Pursuant to N.C. G.S.160-496.1 the counties of Bertie, Halifax. Hertford and Northampton entered into a joint agreement to create a public transportation authority for the purpose of meeting the need for public transportation in the four-county area.  

On November 7, 1977, a resolution was adopted by each of the four counties creating the Choanoke Public Transportation Authority, the first rural transportation authority in the state of North Carolina. The resolution gave the newly created agency broad powers. The first board of directors consisted of five members: J.C. Scarborough, Bertie County; James Thornton and Fred Frazier, Halifax County; Howard Hunter, JR., Hertford County and Grady Martin, Northampton.

The first meeting of the board of directors was held at the CADA office in Murfreesboro on March 23, 1978. The Newly appointed Board of Directors elected Howard Hunter, Jr. Chair; Grady Martin, Vice-Chair and James Thornton, Secretary. Since the newly created agency did not have an operating budget, it gave CADA the authority to act on its behalf to develop and provide transportation services and to report to the board of its progress and accomplishments at regular intervals. The Authority's Board of Directors held regular meetings along with staff from NCDOT addressing issues facing the authority and developing strategies to meet the challenges of operating a rural public transit system.  

In 1978, CADA, on behalf of the Authority, applied for section 147 funding through the Federal Highway Administration. Later that year, FHWA funded a four-year demonstration grant of $250,000 to purchase vehicles and provide operating assistance. Nine, 20 Passenger Mercedes Buses were purchased along with a communication system. A radio tower was erected in Rich Square on land owned by CADA. Four vehicles were donated by CADA and the system began operating under the name of Choanoke Area Transit, (ChAT). The system operated with twelve employees: nine drivers, a dispatcher, mechanic and director.  The first human service agency to use the service was the Hertford County Office of Aging followed by the Roanoke Chowan Mental Health Center. Others were added within six months including the Halifax County Mental Health Center and Vocational Rehab. The first year the system logged 98,000 miles and transported 12,000 passenger trips.  

In 1982, the Board petitioned the commissioners of the four counties to increase the board from five to nine members; two each from Bertie, Hertford and Northampton counties and three from Halifax County. The number appointed from each county was based on population. At the end of the demonstration period, the employees continue to operate the system for six months without pay. During this period, the Authority Board of Directors applied to NCDOT for a Section 18 Grant for Administration, Operating and Capital Assistance. The grant was awarded in the Spring of 1983. The reorganized Board decided to cancel its agreement with CADA and operate the system as a public agency and moved the operations to Rich Square, rented the old Planters Hardware Building from REA as an office and garage and hired employees to operate the system. Wendell Edwards was hired as the Executive Director; Pamela Perry, secretary; Dorothy Boone, Dispatcher; Robert Sexton, mechanic; Chinita Mitchell, Finance Officer; Annie Jones, Records Clerk and ten drivers. During that year, five new vehicles were purchased and four new drivers and one mechanic helper were hired using Section 18 Funds. The early days were frightening. The Board had to borrow money in order to pay the bills and employees. The system often operated with a deficit and funding from NCDOT was always late, sometimes as much as three months. The demand for transportation increased each year as more agencies began using the service and the financial condition of the agency began to improve. Many continue to call for the CADA Bus. In order to remove the stigma associated with the old system, (CADA BUS), the Board changed the colors from Brown and Orange to Red, White and Blue. At the end of the first Fiscal Year, in excess of 80,000 passenger trips were provided.  
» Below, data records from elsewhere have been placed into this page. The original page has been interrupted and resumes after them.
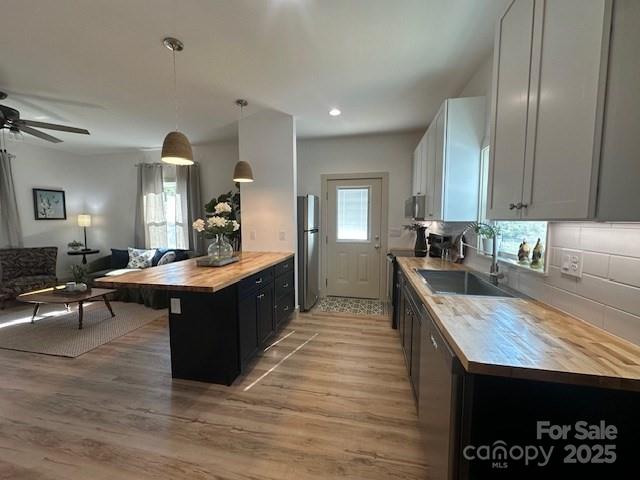 1224 Phillipsville Loop Canton, NC 28716 - Photo 11 of 22 a large kitchen with kitchen island a sink counter space and stainless steel appliances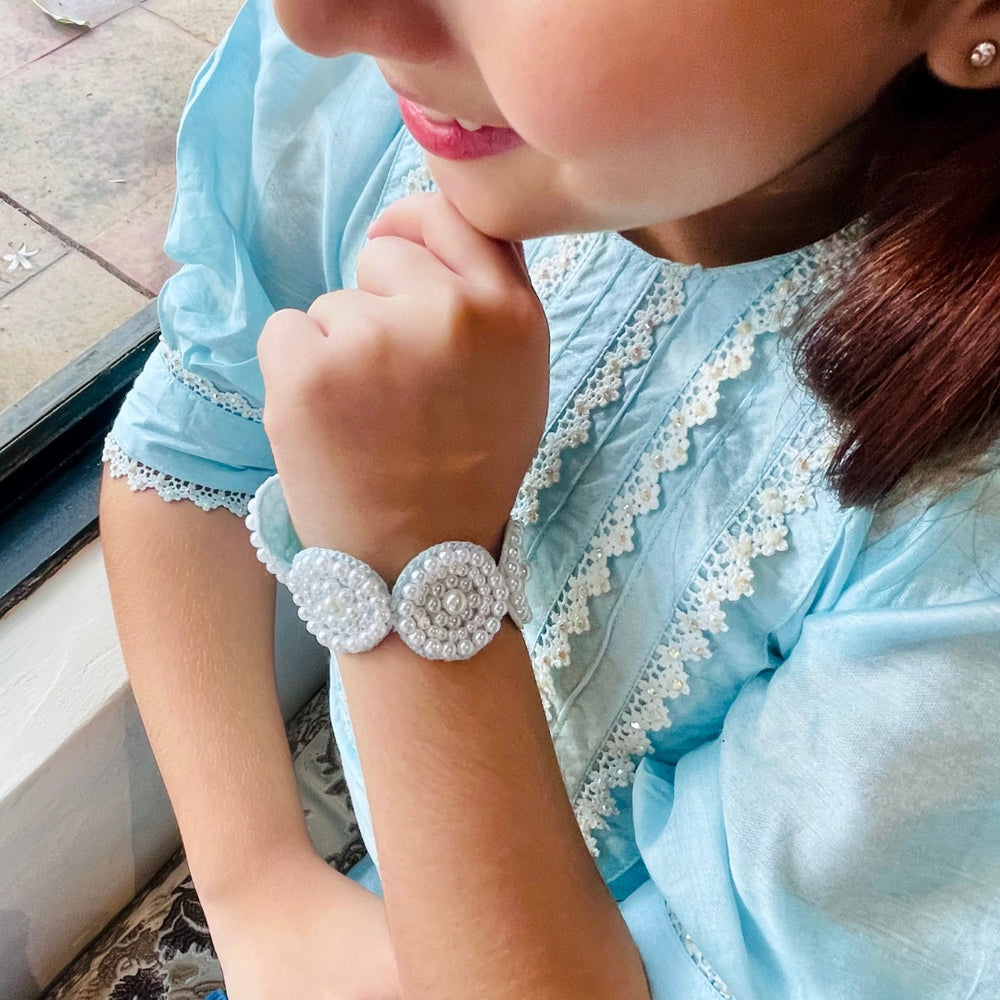 "Luxury ethnic hand bracelet in blue sequins and pearls, handcrafted with care for weddings, Diwali, and festive wear – highlighted in upscale posh venues of Hyderabad and Mumbai."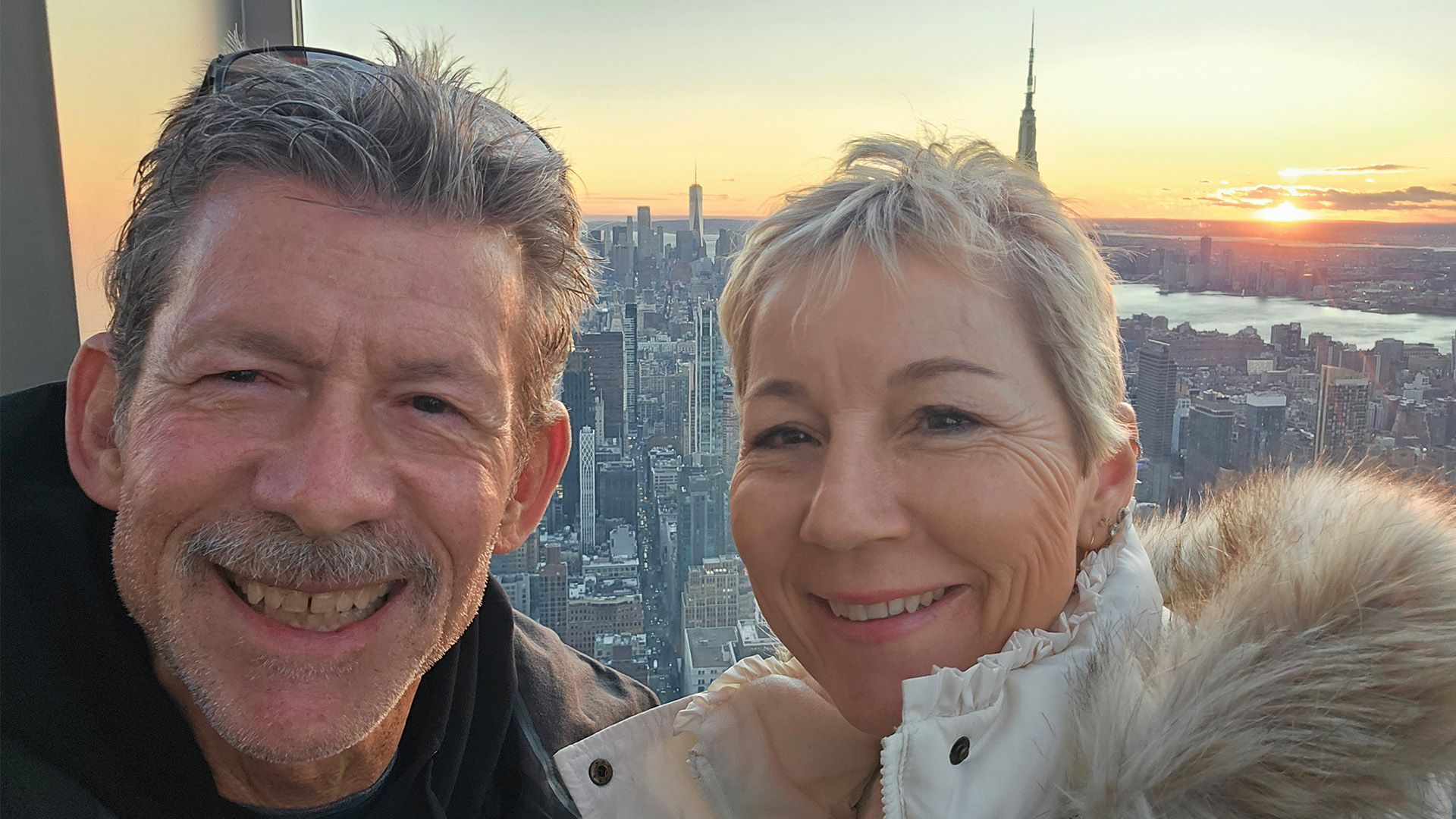 Mark and his wife in front of a city landscape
The need for better office space prompted the Board to study the feasibility of purchasing land and building a new facility. The study was completed by Rich Garrity and Associates and presented to NCDOT. Upon approval from NCDOT, a grant was written in 1985 and approved in 1986. Land was purchased in 1988 and construction of the facility began in 1990. Construction was completed in 1991 and the new facility was occupied in April 1991.  

The system continued to expand and in 1992, 1,000,000 passengers had been transported, thirty vehicles were in the fleet and employees totaled thirty-five. By the end of the nineties, the authority employed fifty people and transported 270,000 passenger trips. The building was expanded in 2002 to include a training room and more office space.  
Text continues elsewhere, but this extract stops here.